--- RECORD EXCERPTS Enclosed Below ---

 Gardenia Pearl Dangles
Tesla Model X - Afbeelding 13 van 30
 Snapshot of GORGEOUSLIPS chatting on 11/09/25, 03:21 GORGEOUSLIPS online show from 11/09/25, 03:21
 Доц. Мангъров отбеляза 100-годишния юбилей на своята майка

--- End of Enclosed RECORD EXCERPTS ---
--- RECORD EXCERPTS Enclosed Below ---

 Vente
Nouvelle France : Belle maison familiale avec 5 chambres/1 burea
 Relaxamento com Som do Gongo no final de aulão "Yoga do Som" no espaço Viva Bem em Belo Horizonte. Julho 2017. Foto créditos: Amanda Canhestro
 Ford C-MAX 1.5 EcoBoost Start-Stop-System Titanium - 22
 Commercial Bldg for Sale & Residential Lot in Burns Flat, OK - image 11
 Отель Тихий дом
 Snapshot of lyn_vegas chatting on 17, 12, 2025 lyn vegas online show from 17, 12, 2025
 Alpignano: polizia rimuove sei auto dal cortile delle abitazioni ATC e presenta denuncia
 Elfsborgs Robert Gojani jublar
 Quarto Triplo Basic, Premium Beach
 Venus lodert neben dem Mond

--- End of Enclosed RECORD EXCERPTS ---

▶ ABOUT THIS EXERCISE: In the listing above, find the line with "Relaxamento com Som" and the line with "Отель Тихий дом"; output exactly those lines and all lines between them.

▶ RESPONSE TO THIS EXERCISE:
 Relaxamento com Som do Gongo no final de aulão "Yoga do Som" no espaço Viva Bem em Belo Horizonte. Julho 2017. Foto créditos: Amanda Canhestro
 Ford C-MAX 1.5 EcoBoost Start-Stop-System Titanium - 22
 Commercial Bldg for Sale & Residential Lot in Burns Flat, OK - image 11
 Отель Тихий дом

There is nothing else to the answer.